→ Work to complete
Where a picture shows up in the listing below, omit it and output the rest exactly.

→ Information provided

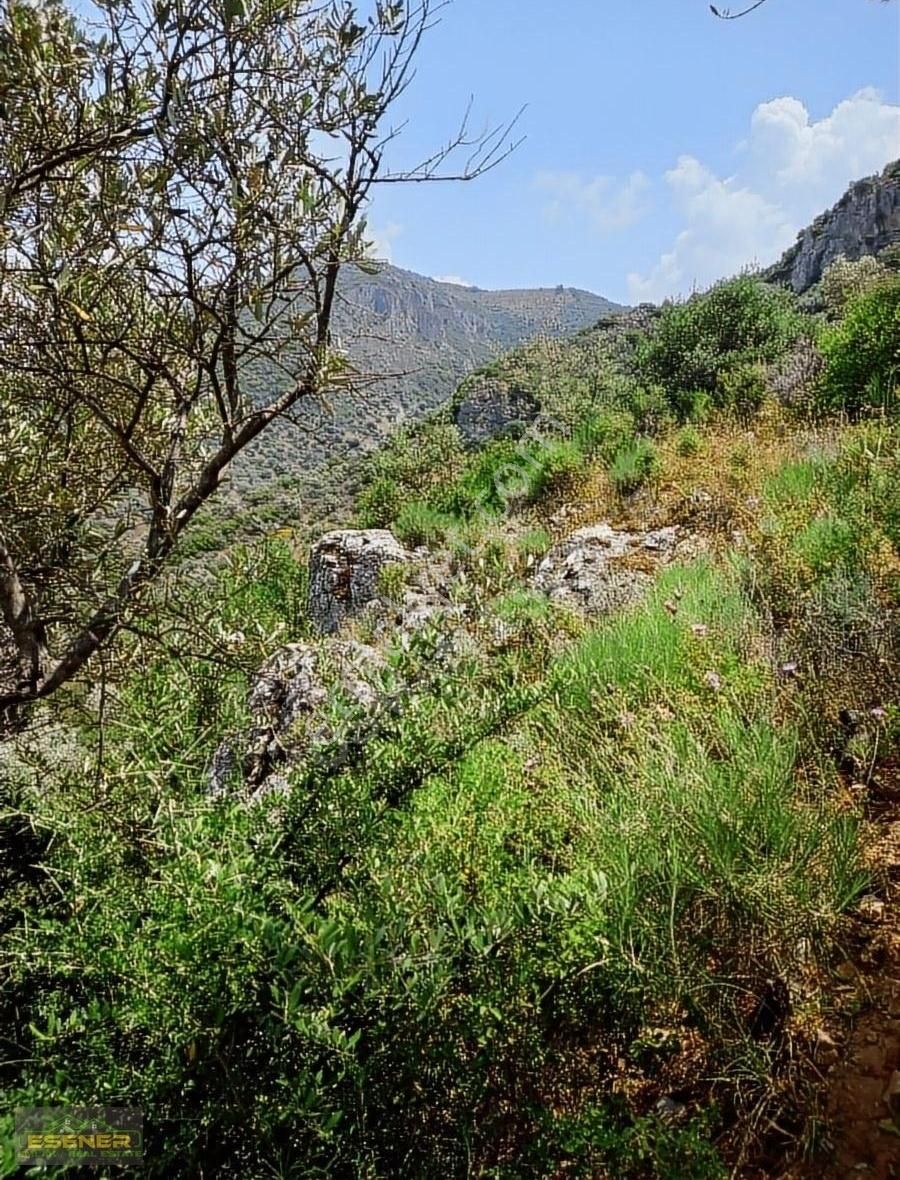 İzmir Selçuk Şirince Satılık Zeytinlik - Görsel 5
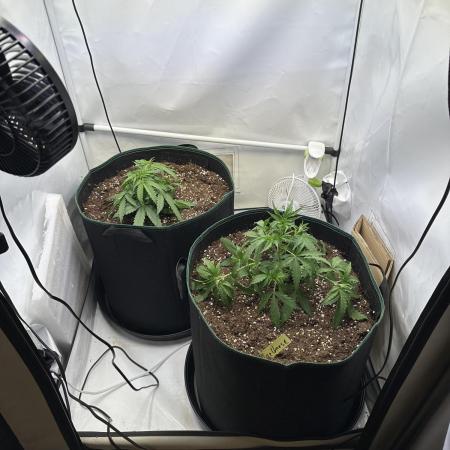 Zamnesia Wurlz F1 & Blue Cheese F1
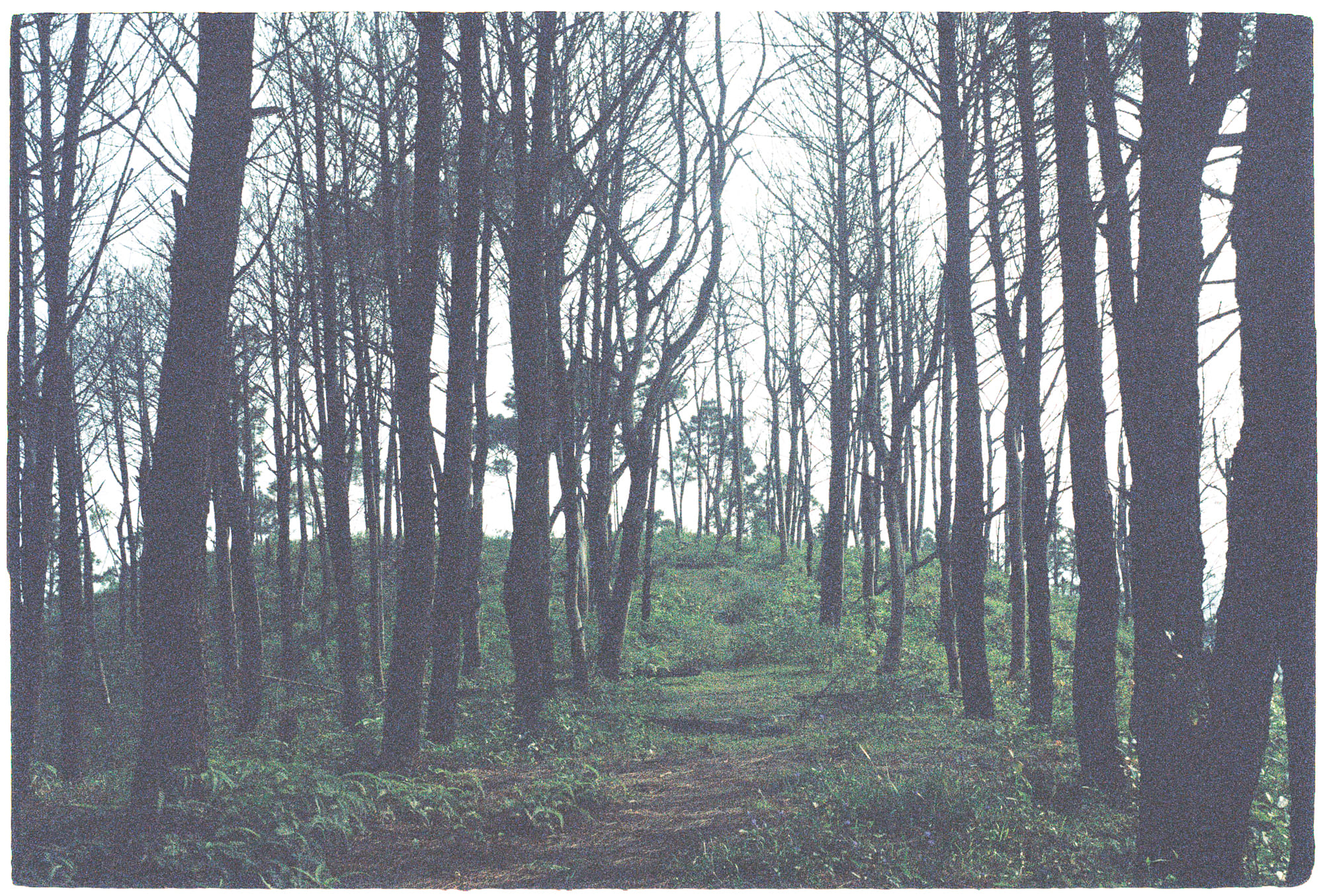 Câu trả lời về chúa dành cho Nietzsche Câu trả lời về chúa dành cho Nietzsche 104 – xa hoi hoc, tam ly hoc, ton giao, triet hoc, chua troi, thien chua giao, nietzsche, übermensch, søren kierkegaard, chu nghia hien sinh, chua troi tra loi.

→ Solution for this problem
 İzmir Selçuk Şirince Satılık Zeytinlik - Görsel 5
 Zamnesia Wurlz F1 & Blue Cheese F1
 Câu trả lời về chúa dành cho Nietzsche Câu trả lời về chúa dành cho Nietzsche 104 – xa hoi hoc, tam ly hoc, ton giao, triet hoc, chua troi, thien chua giao, nietzsche, übermensch, søren kierkegaard, chu nghia hien sinh, chua troi tra loi.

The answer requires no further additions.